From my own perspective, as Quakers we are bidden to recognise “that of God in every person” – and whatever else we may disagree on, I reckon that all of us sign up to that. In which case, you don’t recognise the Divine in someone else by paying them tuppence a kilo for their coffee beans, still less by locking them up without trial and throwing away the key. So recognition of the Divine in everyone implies that everyone has a right to respect by virtue of that fact that they are in some sense a manifestation of the Divine, even if it’s sometimes extremely difficult to discern. It’s not very far from that position to some kind of recognition of human rights: it’s the other side of the coin.
Very interesting article, thank you! For the record, and this doesn’t detract at all from the arguments, some of the US founding fathers were not happy that slavery wasn’t abolished in the US founding documents.
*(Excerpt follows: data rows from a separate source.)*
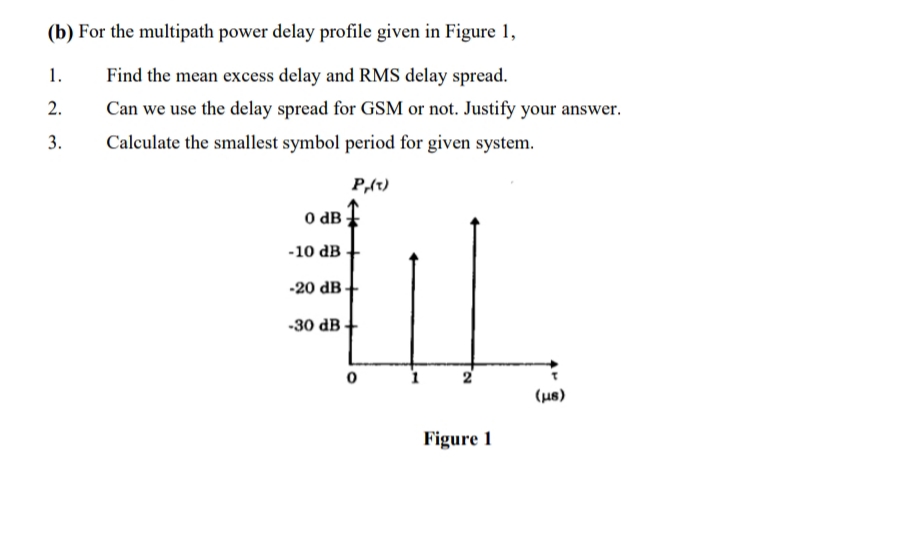 (b) For the multipath power delay profile given in Figure 1,
1.
Find the mean excess delay and RMS delay spread.
2.
Can we use the delay spread for GSM or not. Justify your answer.
3.
Calculate the smallest symbol period for given system.
P,(t)
O dB
-10 dB
-20 dB
-30 dB
(HB)
Figure 1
It is exactly what Benjamin Franklin was thinking about when he looked at a chair with half of a sun depicted and wondered if it was the sun rising or the sun setting. It couldn’t be worked out because Virginia was too powerful politically. And yet, two of the most prominent Virginians, Washington and Jefferson, clearly knew that slavery was wrong, but did nothing about it.
It is amazing that injustice can be perpetuated by the few against the many. And how much effort is required to achieve a shift. I think about that in light of England’s issues with women bishops and equal marriage.
Thanks for your kind words. As to slavery and the Founding Fathers, not only did Jefferson not do anything about it: he owned slaves himself. That, for me at least, has always diminished his other considerable achievements.
As to women as bishops, though, one of the many consolations of being a Quaker is that it is emphatically not my problem!